Adventures in family travel reporting
Because I’m such an advocate of family travel, I have no qualms about taking L and R with me when I go away to report non-family travel assignments. When I do this, my trips become a tale of two experiences: The reporting process, which often is kid-oriented, and the write-up, which can lack mentions of the girls completely.
We found ourselves in one of these situations this past weekend. My goal: To report a feature about the Anderson Valley for the travel section of a major international newspaper. Momma was away at a conference. So I schlepped girls along for the ride.
The effort alternated between amazingly awesome and incredibly stressful.
On Friday, when we arrived at our 9-room luxury hotel, the girls ran around like wildwomen. (At one point, R screamed the word, “vagina,” incessantly; thankfully we were the only guests there at the time.) On Saturday, when we toured a local artisan cheese operation, the girls couldn’t get enough of the goats and sheep. Dinner one night, at a local pub, was a breeze (thank you, colored pencils). Lunch the next day at a local drive-in was a nightmare that resulted in R picking someone else’s chewed gum off the bottom of the table (and nearly eating it).
The low point of the trip: Both kids crapping out about 15 minutes into a hike in Hendy Woods State Park. The high point? Well, um, it, too, had to do with crapping out.

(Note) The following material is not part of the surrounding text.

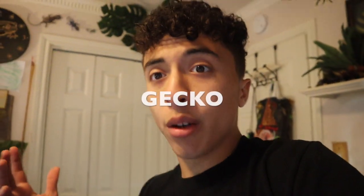Hey howdy hey! What's going on you guys and welcome back to another video. In today's video ladies and gentlemen we are going to be building a budget leopard gecko setup.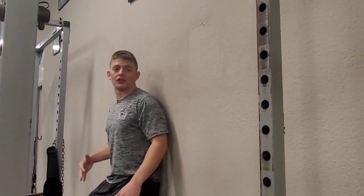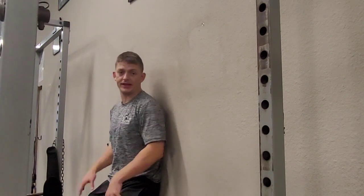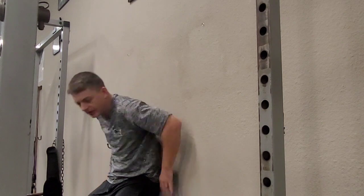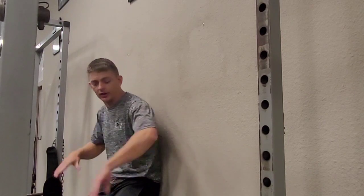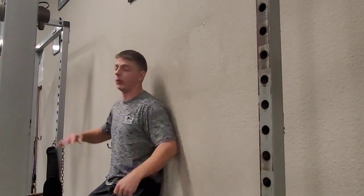Once we've gotten the wall slide from the sitting position down, we can focus on the standing position. I have my knees slightly bent here — not in a wall sit, just relaxed. I've got my lower back pressed against the wall, so I'm not just focusing on my wrist, elbow, and shoulder, but also my lower back. Now I have four points to keep pressed against the wall.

It happened Saturday, just before we cleared out of town and headed for home. I had to interview a winemaker, and set the girls up for some downtime of quiet drawing at a bistro table just outside. For the first 15 minutes, they behaved perfectly. Then, out of nowhere, L came into the winery and interrupted my interview with a frantic declaration: “Dad, I know it’s downtime, but I have to go poop.”
Thankfully we were in the uber-laid back Anderson Valley—had we been in Napa or even Sonoma, I’m sure the winemaker would have scoffed (or at least winced uncomfortably). In this case, the winemaker took the interruption in stride, and led me and my daughter to a spacious bathroom in the back.
Seconds later, the winemaker chuckled when L insisted on keeping the door ajar while she did her business.
“It’s [Boonville],” the oenophile said. “We’re all pretty open here.”
L’s work in the restroom was a booming success; something about the winemaker’s kindness must have relaxed my daughter in unprecedented ways. More important, the experience gave me perspective on the Valley that I’m not sure I would have gotten any other way: There aren’t many tourist destinations that are great both for luxury travelers and for 5-year-olds needing to go. This specific epiphany probably won’t end up in my finished product, but the lesson wasn’t lost on me.
These are the kinds of things we family travelers remember forever.